◆ **WHAT TO PRODUCE**
Leaving out all pictures, write down exactly the lines from the one containing "2019 - HONDA BRIO, foto 10" through the last line of the material.

◆ **SUPPLIED MATERIAL**
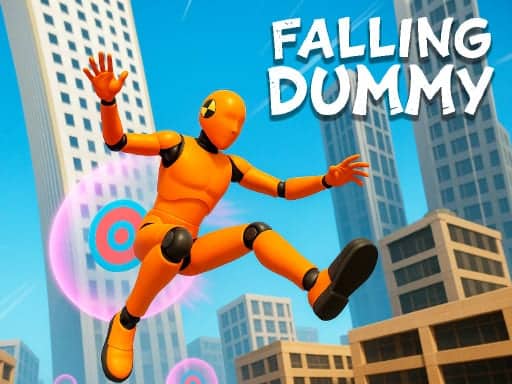 Capture d'écran de Falling Dummy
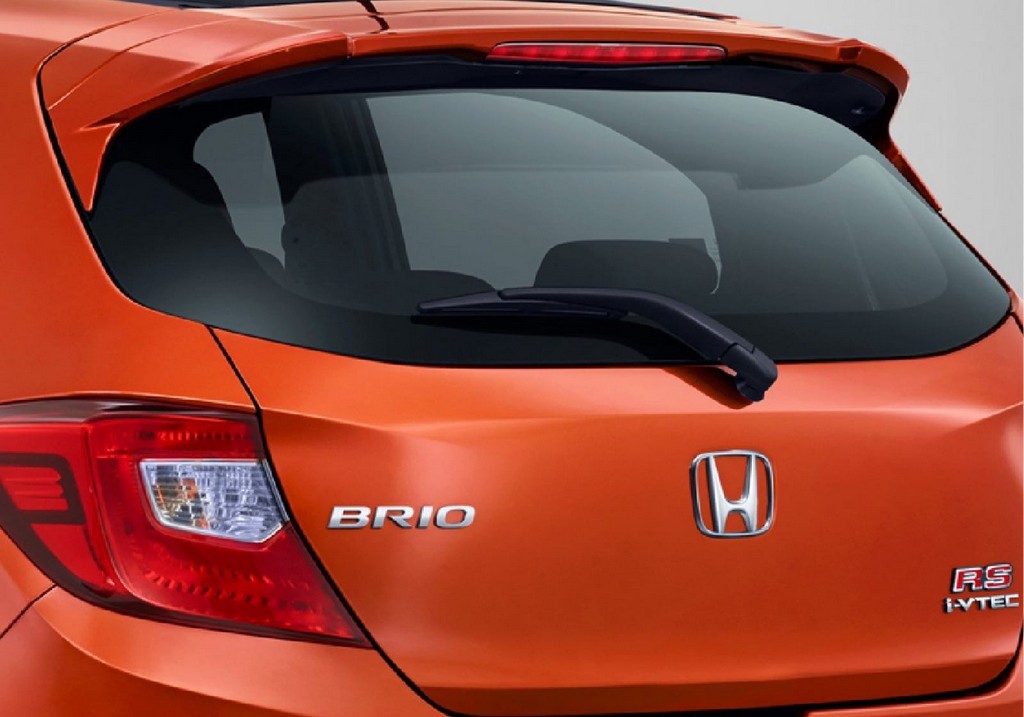 2019 - HONDA BRIO, foto 10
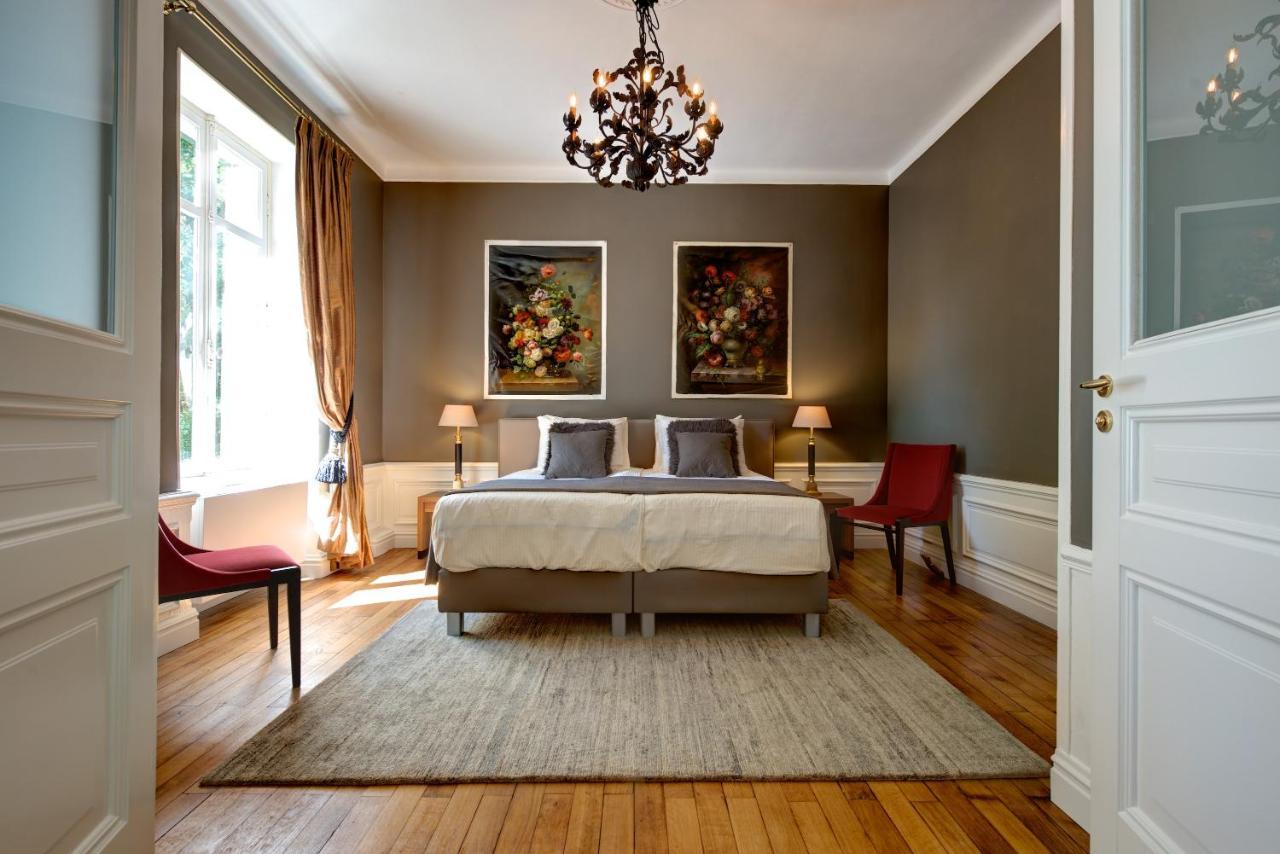 Domaine Des Myosotis, Chambres D'Hotes Saint-Honoré Kültér fotó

◆ **ANSWER TO THE PROBLEM**
 2019 - HONDA BRIO, foto 10
 Domaine Des Myosotis, Chambres D'Hotes Saint-Honoré Kültér fotó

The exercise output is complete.